A Japanese dengue vaccine will soon be marketed in Indonesia, where the mosquito-borne viral disease is endemic.
While a dengue vaccine made by a non-Japanese company is available, Takeda Pharmaceutical Co.'s Qdenga can be administered to a wider range of people.
This has raised the hopes of health authorities who see it as a powerful vaccine to prevent dengue, as there is no effective treatment.
Worldwide, about 400 million people each year develop dengue when bitten by the aedes mosquito carrying a dengue virus. More than 80% of cases are mild, but more serious cases can cause symptoms such as high fever and severe headaches, sometimes with complications that can lead to death. About 20,000 people with dengue die annually worldwide.
The World Health Organization reports the number of endemic countries before 1970 was nine, mainly in Southeast Asia, but this has now expanded to more than 100 countries, including those across Latin America and Africa.
Behind the prevalence are likely the increasing movement of people across borders and global warming, which may have expanded the mosquito's habitat.
There have been cases where people infected abroad bring the virus back to their home country, where it is then transmitted via local mosquitoes. In 2014, people who had never traveled outside Japan were infected with dengue.
Qdenga is a live vaccine that uses a virus with weakened toxicity and is effective against all four types of dengue viruses. International clinical trials involving about 20,000 patients found that Qdenga was 61% effective in preventing the incidence of the disease and 84% effective in preventing serious illness that leads to hospitalization.

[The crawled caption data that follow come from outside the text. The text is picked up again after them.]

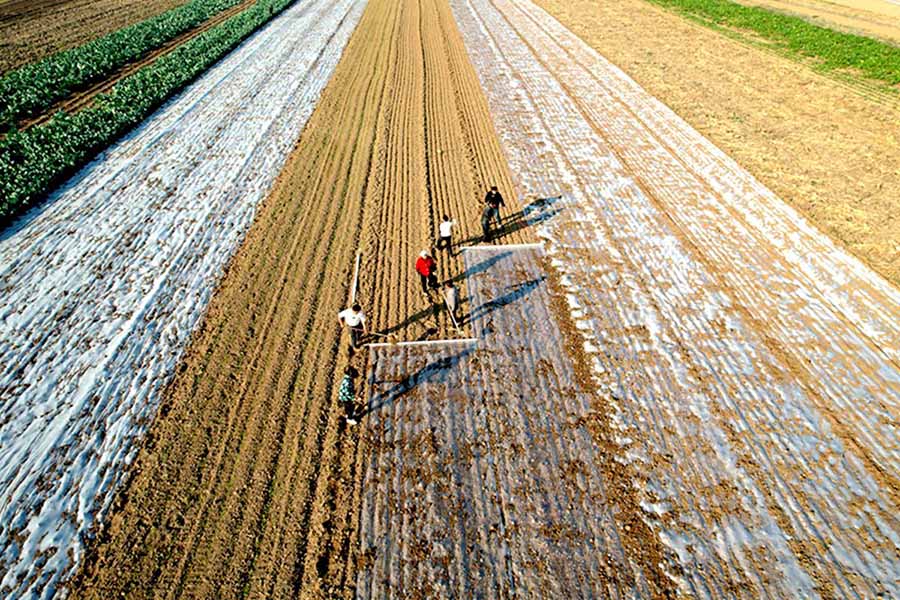 Қыс басындағы қарбалас егін науқаны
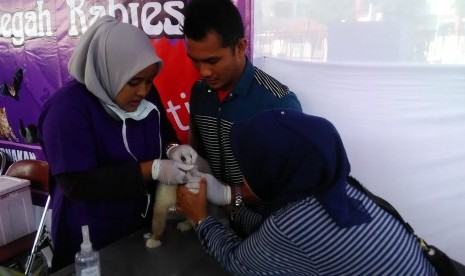 Pemeriksaan dan vaksinasi rabies terhadap hewan peliharaan milik warga (ilustrasi) 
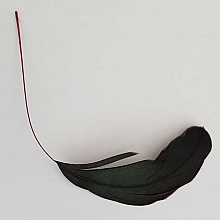 Plume 16 cm N&deg;08 Rouge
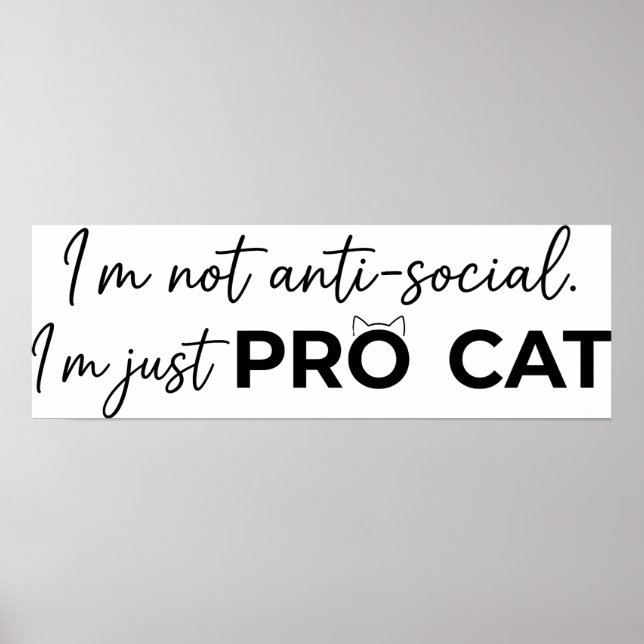Póster Gato Pro Divertido Introvertido Antisocial  (Frente)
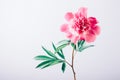 Single pink peony with green leaves on white background Royalty Free Stock Photo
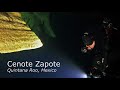 Diving Cenote Zapote "Hells Bells" - Mexiko, Diving Cenote Zapote - Quintana Roo, Riviera Maya, Playa del Carmen, Puerto Morelos, Mexiko am 3., 12. 23. und 24. März 2022 mit Diving Capital https://www.divingcapital.com/., Cenote Dos Ojos (Bat-Cave), Mexiko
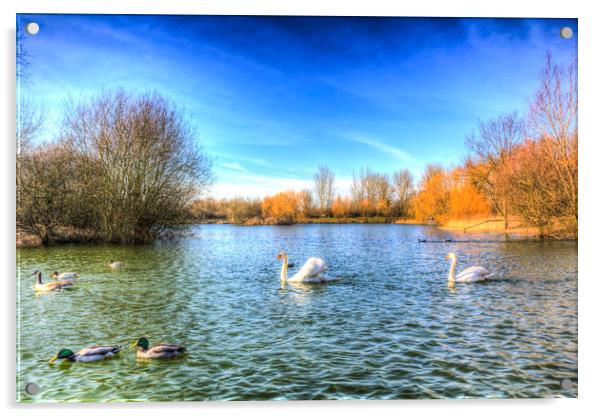 The Peaceful Swan Lake Acrylic by David Pyatt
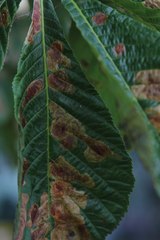 Cameraria ohridella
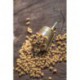 Preston 25 gr ICM Pellet Feeder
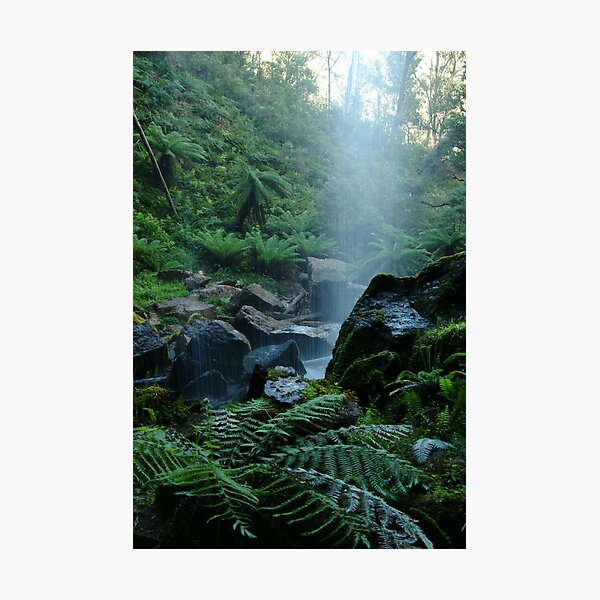 Item preview, Joe Mortelliti Gallery - Bindaree Falls on Mt Stirling, alpine Victoria, Australia. designed and sold by thisisaustralia.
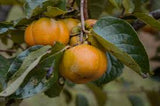 Fruit Persimmon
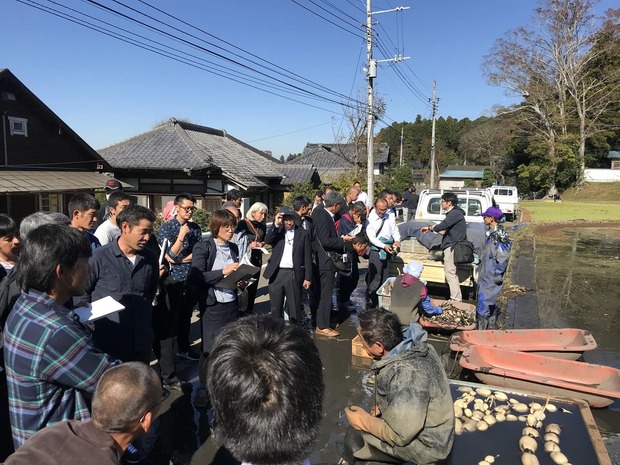 レンコン農家を視察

Qdenga was approved last August in Indonesia and will soon be marketed there for the first time among endemic countries. The vaccine has also been approved in the European Union and Brazil, and is expected to be marketed across the globe, including in Japan. Takeda said it will supply 50 million doses a year worldwide.
A Takeda spokesperson said the vaccine would contribute to solving an international health problem.
A dengue vaccine was first developed by the French pharmaceutical giant Sanofi in 2015, but it has not been widely used because there have been cases of symptoms worsening when inoculated children with no prior dengue exposure were infected.
Qdenga has been confirmed to have no serious adverse reactions at this point and can be administered regardless of prior exposure.
U.S. scientific journal Science said in an article published in January that Qdenga "may soon become widely available in Indonesia, protecting far more people than a product currently on the market." An EU agency also said that "a global unmet public health need is being addressed" by Takeda's vaccine.
Virology expert and Kagoshima University Prof. Kyoko Tsukiyama-Kohara said, "Amid growing concerns over tropical infectious diseases caused by global warming, development of vaccines will contribute to improving international public health."